In another stage in the manufacturing process of semiconductors, such as semiconductor chips, semiconductor materials, in the form of thin wafers, must be annealed In such a step in the overall process, the resulting annealed wafer has not been annealed in an entirely satisfactory manner. In this regard, in prior known annealing steps, it has been recognized the importance of uniformity in the activation in the wafer to be annealed, of the semiconductor implanted dopants, such as boron, over an entire semiconductor wafer surface
In the past, such dopant activation has been achieved by a steady-state furnace annealing method, wherein a semiconductor wafer implanted with a dopant is placed in an annealing oven. The temperature of the oven is then slowly raised in a controlled manner for a long period of time, such as one half of an hour. After maintaining the temperature at a desired elevated temperature, the temperature of the oven is then decreased slowly and controllably for another long period of time, such as another one half hour period. Thereafter, the annealed semiconductor wafers are removed from the oven.
While the steady-state furnace annealing method may be satisfactory for some applications, it has not proven entirely acceptable in the manufacturing of certain semiconductor circuits and devices. In this regard, state of the art semiconductor devices and circuits have become increasingly smaller in size, such as about 1 .mu.m. As these dimensions diminished in size, the need to form shallower semiconductor junctions with minimal dopant diffusion, has increased. It has been found, however, that dopants, such as boron, tend to diffuse rapidly during the high temperature annealing process used in the steady-stat furnace method. Thus, the consequent redistribution of the dopant has exceeded the limits of acceptability for at least some MOS-VLSI devices, and especially high speed devices which require higher dopant doses.
In order to reduce or minimize the amount of redistribution of the dopant, several different techniques have been attempted. One such attempted technique includes using a halogen arc lamp to heat and anneal the semiconductor wafer rapidly. While such an approach employing a halogen lamp has shown that full activation of moderate dose implants of boron, could be achieved at temperatures of 1000.degree. C. in about ten seconds, it has proven to be less than totally satisfactory, particularly where higher dose dopants have been required. In this regard, it was found that uniformity of activation was unacceptable in higher doses, until the annealing time was increased to at least 60 seconds. However, by increasing the annealing time, the consequent dopant redistribution approaches 0.1 .mu.m, which redistribution is near the limit of acceptability for MOS-VLSI device, but too large for the very high speed bipolar devices.
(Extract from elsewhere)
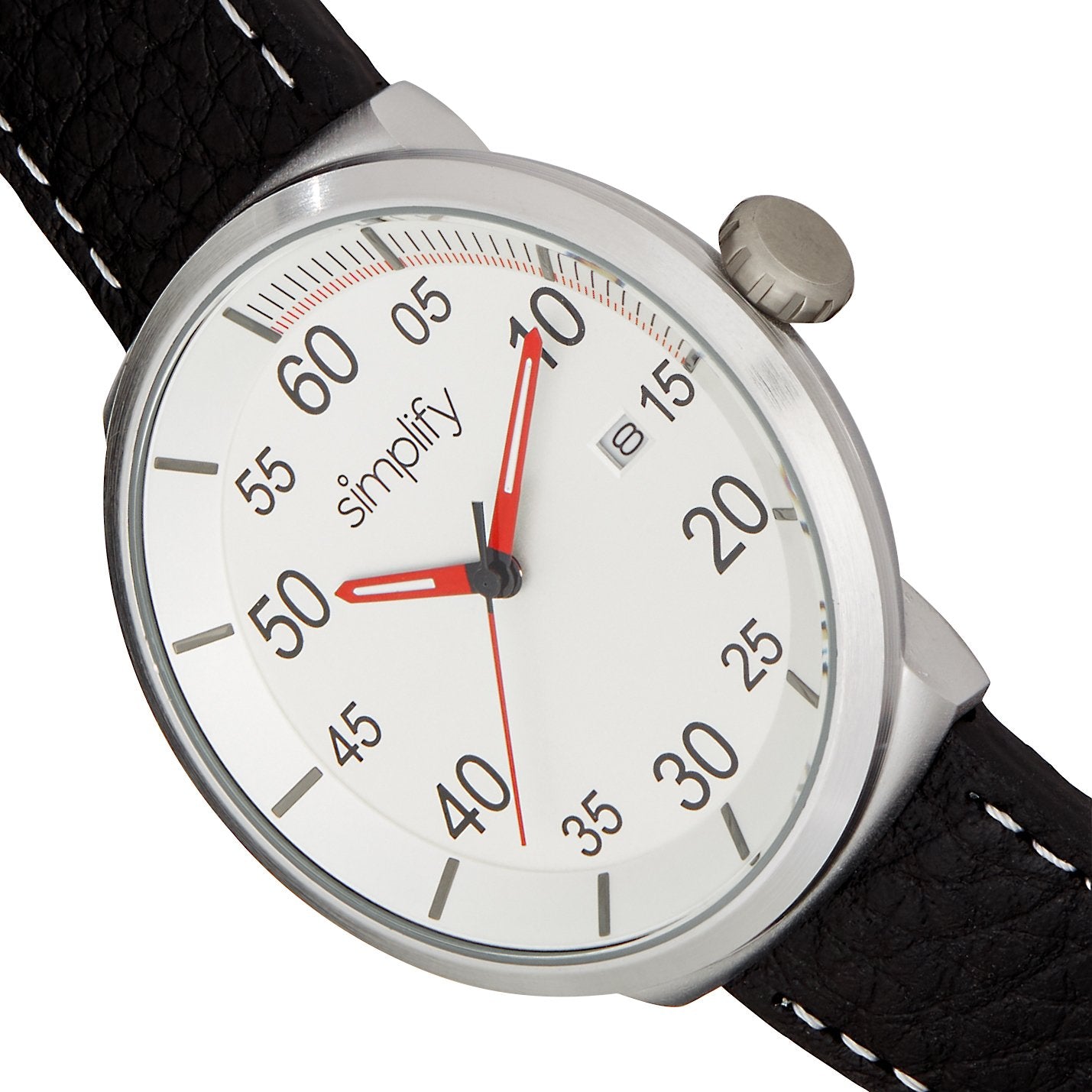 Foto 5 pulgar | Reloj Simplify The 7100 - Correa De Piel Con Fecha Para Hombre  Color Marrón Y Plateado - Venta Internacional.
Therefore, it would be highly desirable to have a technique for overcoming the excessively diffusive redistribution problem associated with high dosage dopant implanted semiconductor devices. Such a technique or method should achieve uniformity of activation of implanted dopants over large wafers with minimal, or at least greatly reduced, diffusive redistribution.
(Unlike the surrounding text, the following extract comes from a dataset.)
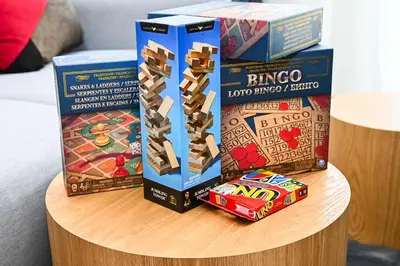 four boxes of binemo food energy tracker on a table at CASA Salcedo - Field Residences in Manila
Another attempted solution which has also proven to be less than satisfactory, is the use of an isothermal annealer. In this method, infrared radiation from a resistance heat sheet of graphite is used to heat the wafer to be annealed. This technique resulted in production of semiconductor devices comparable to those obtained by employing furnace annealing equipment, but has not proven at all satisfactory for the smaller high dopant semiconductor devices.
Yet another attempted solution to the concerns associated with the prior art, included the use of a laser to scan and to heat the semiconductor wafer rapidly. This method has also proven to be less than satisfactory, since it was discovered that in order to achieve uniform activation of the dopant over the entire semiconductor material surface, the laser scan lines were required to be overlapped. It was also found, however, that if the scan lines are heavily overlapped, microfractures are produced which act as strong sources for dislocation generation, thereby rendering the device defective. In this regard, undesirable non-uniform annealing of the semiconductor substrates occurs, since certain areas of the substrates receive a relatively excessive flux of energy. Moreover, the cost of such lasers required to achieve the necessary rapid heating, has proven to be a relatively expensive and complex process, and otherwise less than satisfactory. In this regard, trained and skilled personnel are required to operate the expensive laser equipment.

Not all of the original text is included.